Ball State Univer-sity recently released a study on personal income in Indiana. I was one of the authors of this study, which detailed the wide variation in the standard of living across counties in Indiana. The study was a solid piece of work, thanks to the insight of many colleagues, but in the ensuing news coverage and discussion, there are at least two points that need reinforcing.
First, wages are the result of market forces. The amount of money one earns is not a measure of the importance of your job, or how much you are loved. Rather it is the result of how much your employer values your contribution to work, and how many other people like you are in the labor market. We economists call this the “demand and supply of labor.” The balancing of these two effects ultimately determines how much you get paid. So, if workers in a region earn more or less than workers in other regions, it is due to these fundamentals. That is where policy, either in households, schools or government must address the problem.

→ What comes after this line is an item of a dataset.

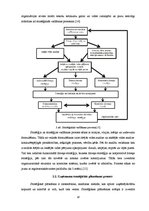 Diplomdarbs 'Pāvilostas ostas stratēģiskās darbības plānošana un kontrole', 17.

Second, the cost of living differences between regions is also the result of market forces. Many folks who commented on our study believe many places in Indiana are at a special advantage because it is cheaper to live here, especially with respect to buying a house. This is perniciously flawed thinking, which is easily debunked.
Suppose two otherwise identical homes are placed in two different locations. The sale price for each must be due to differences in the surrounding areas. We know from extensive research the importance of local schools, crime, tax rates and local amenities on home prices. School quality alone may explain a third of home price differences across the state. This school effect is easy to estimate, but the “quality” of neighborhood amenities is not. One way of measuring the livability of a community is to estimate differences in home prices that cannot be explained by other measures. Simply, the market for houses captures all that is good and bad in a house, and reveals a price. So, “housing affordability” may simply be a synonym for neighborhoods that are valued less by those looking to buy a house.
Indiana has many fine communities with good schools and great local amenities. High-earning households are eager to live in these communities, and businesses flock there to obtain access to those workers and consumers. Indiana also has many poor communities with weak schools and few amenities. Households and businesses flee such places. But honestly, it does not take an academic study to figure this out. Declining school enrollment and population decline tell nearly the whole story about a community and its assets.
For Indiana to do well in this century, it has to have more good communities that attract more people. There is no magic formula. This is not about creating only upscale communities, but rather filling our state with many places that many different people wish to live.